The poster child of ‘touch to pay’



LONDON, UK – My recent chat with Jeremy Belostock, Head of NFC at Nokia, about the future of Near Field Communication, helped reinforce a personal belief that touch-to-pay and NFC has the potential to permanently alter the way we behave with our phones, and that it can in fact have a significantly positive environmental effect.

For this to happen, NFC needs to deliver an effortless experience in order to engage us without thinking. So when handed the new NFC poster-child handset, the Nokia 6212 classic, all I could hope was, “please work”.

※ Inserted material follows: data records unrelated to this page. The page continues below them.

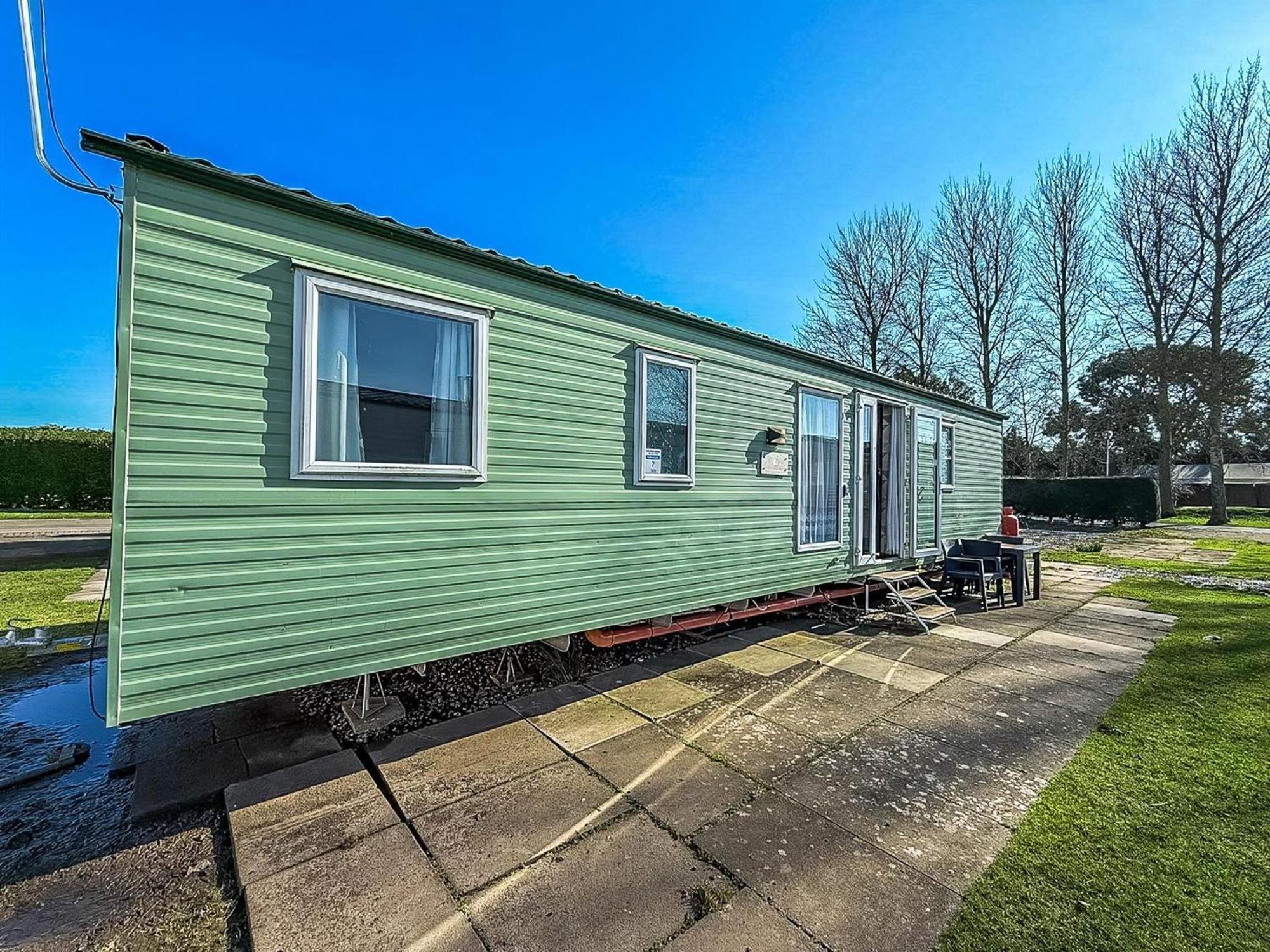Campsite Lovely 6 Berth Caravan At Southview Ref 33032cl *
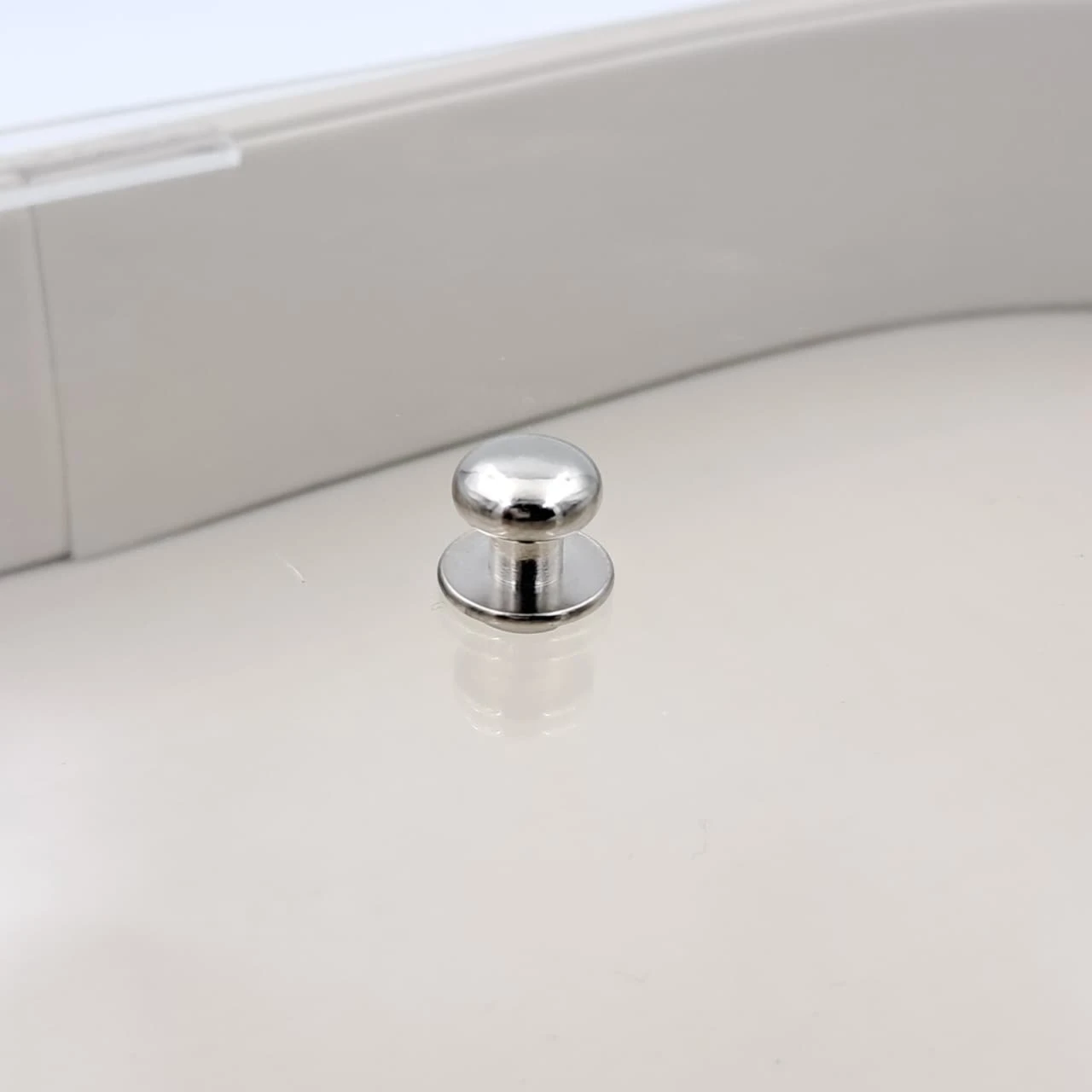 Modern Oval Storage Tray with Clear Acrylic Lid and Knob Handle – Multi-Purpose Countertop Organizer for Kitchen, Bathroom, Vanity & Home Storage (8H x 35L × 18W CM)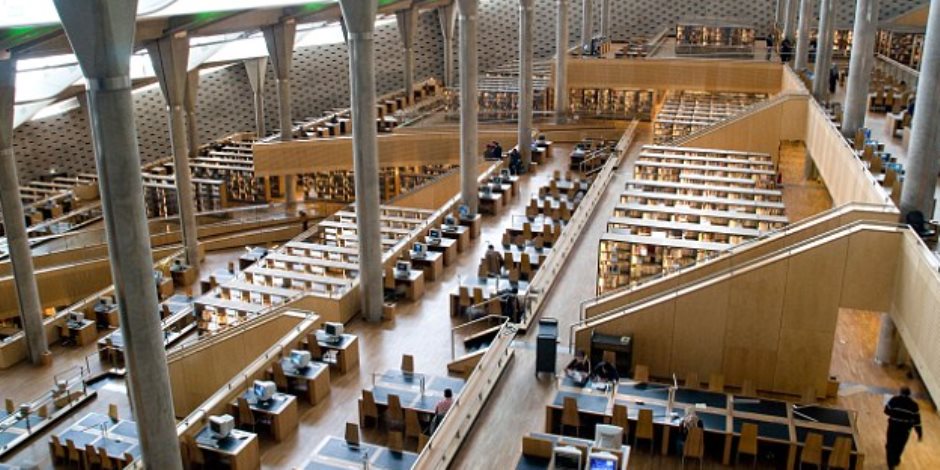 مكتبة الإسكندرية تنظم معرض "رؤى مزدوجة"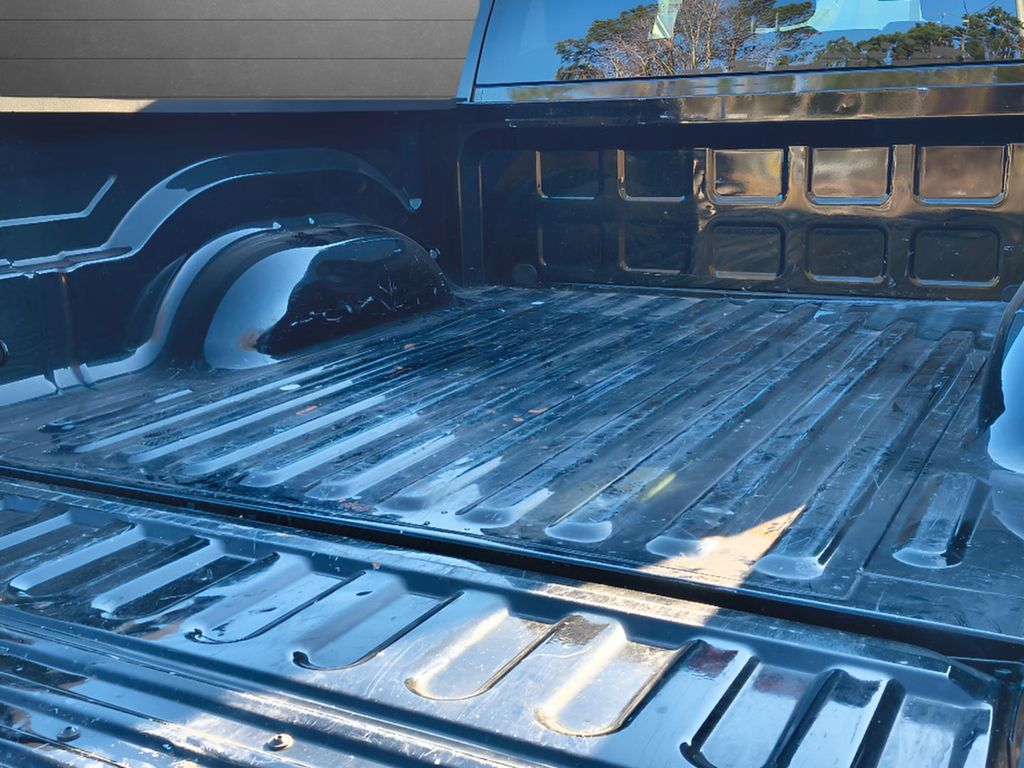 2024 Ram 1500 Classic Warlock - Diamond Black Crystal Pearlcoat exterior view 7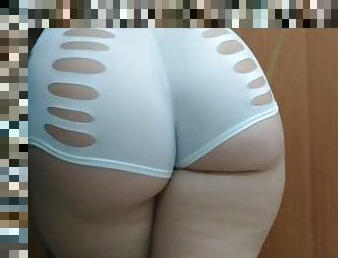 Cameltoe em short branco transparente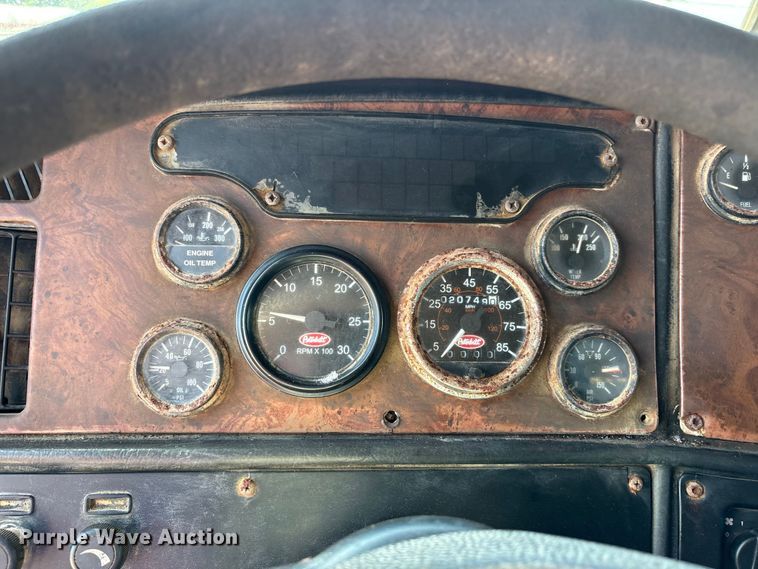 image for item ER3112 2005 Peterbilt dump truck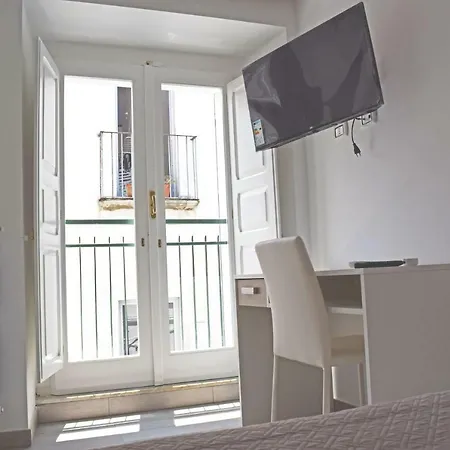 Il Borgo 3* Paola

I touch my handset with another and immediately both screens light up to exchange business cards. The first hurdle. Tapping an NFC alarm tag brings up the alarm clock on my phone, the idea being it can be positioned at your bedside for easy access. Touching another tag sucks up a MP3, as it might if you touched an NFC-enabled poster as you walk down the street. Then I exchange a photo with a tap. It’s hugely encouraging that this experience of exchanging information for payment, ticketing or whatever suitable scenario, is as seamless as it should be.

The challenge now has to be establishing widespread NFC-enabled environments, which is something else Jeremy Belostock touches on in our recent talk (see it here).

Do you think getting NFC to become a part of our lives must be a slow and gradual process, or must these touch environments evolve rapidly to succeed?